行政監督
出典: フリー百科事典『ウィキペディア(Wikipedia)』 (2021/01/02 14:48 UTC 版)
日本における労働基準監督は、適用除外や特例のない限りにおいて、厚生労働省労働基準局長、都道府県労働局長、所轄労働基準監督署長及びそれらに所属する労働基準監督官から組織される労働基準監督機関(以下「一般労働基準監督機関」という。)が担っている。労働基準監督官は、労働基準法、最低賃金法、じん肺法、炭鉱災害による一酸化炭素中毒症に関する特別措置法、家内労働法、労働安全衛生法、作業環境測定法、賃金の支払の確保等に関する法律の8の法律については、その違反に関して、行政取締(是正勧告)の権限を行使するのみならず、その違反に係る犯罪に対しては司法警察権をも有する。

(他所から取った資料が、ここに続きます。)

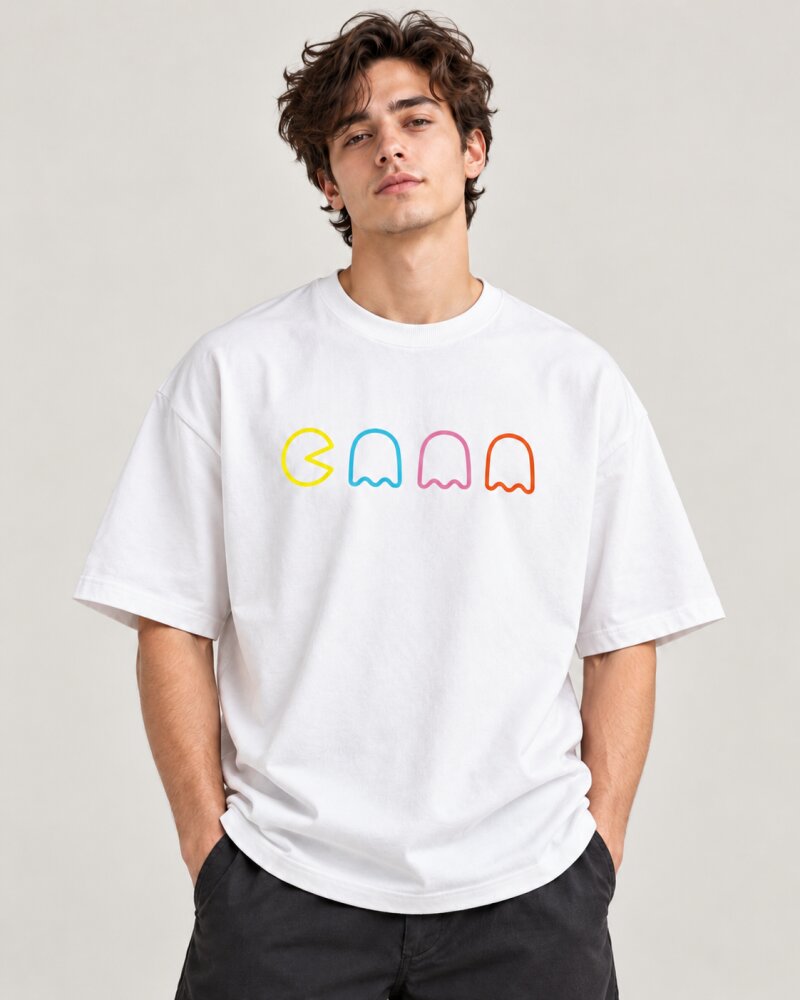 Packman White Oversized T-Shirt - Haubett India product image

また、自動車運転者の労働時間等の改善のための基準については、法規命令(告示)であるため罰則はないが、この違反についても是正勧告を行う。このほか、これらの法律の施行や労働災害の防止のために必要な事項については、法律違反でなくとも、行政指導等の行政措置を行う。 労働基準監督官は、国家公務員であり、原則として法文区分又は理工区分の労働基準監督官採用試験に合格した者のうちから任用され、労働基準監督署での実地研修・訓練や独立行政法人労働政策研究・研修機構労働大学校等における講義形式の研修・訓練を受ける。労働基準監督官の罷免には、公・労・使からなる労働基準監督官分限審議会の同意を必要とする。また、女性労働者については、厚生労働省雇用環境・均等局長及びその指揮の下にある職員も監督を行うことが出来る。 労働基準監督官は、数年から1ヶ月単位の監督計画に基づいて、原則予告せず、事業場へ立入検査(臨検)を行っている。違反その他の問題点が認められた場合は、是正勧告書、指導票等の文書を交付し、それに対する是正・改善を確認して行政指導を完了するが、重大又は悪質な違反行為については刑事訴追のための捜査・送検を行う。また、監督の手法には、立入検査だけでなく、所轄労働基準監督署等に事業主を出頭させて行う「呼出監督」、講演形式で行う「集団指導」などがある。従来は、労働基準監督官は1名で臨検することが多かったが、平成31年度からは2名以上で臨検することが原則とされている。 男女雇用機会均等法、育児・介護休業法については、雇用均等行政(厚生労働省雇用環境・均等局長、都道府県労働局長、都道府県労働局雇用環境・均等室長及びその所属する職員)が違反等に対する是正指導、公表処分等を行うが、報告徴収・立入検査に関する違反を除き罰則がないため司法警察権は有していない。 この外、労働基準監督機関以外の国又は地方公共団体が、許認可権を握る社会福祉施設、自動車運送業等の事業者に対する監査において労働基準関係法令の遵守状況も併せて調査指導を行うことがあり、諸分野における助成金の支給要件に労働基準関係法令の遵守が盛り込まれていたり、国及び地方公共団体が、安全管理を怠り重大な労働災害を発生させた建設事業者に対して公共工事における指名停止処分を行ったりしており、これらも労働基準関係法令の履行確保に役立っている。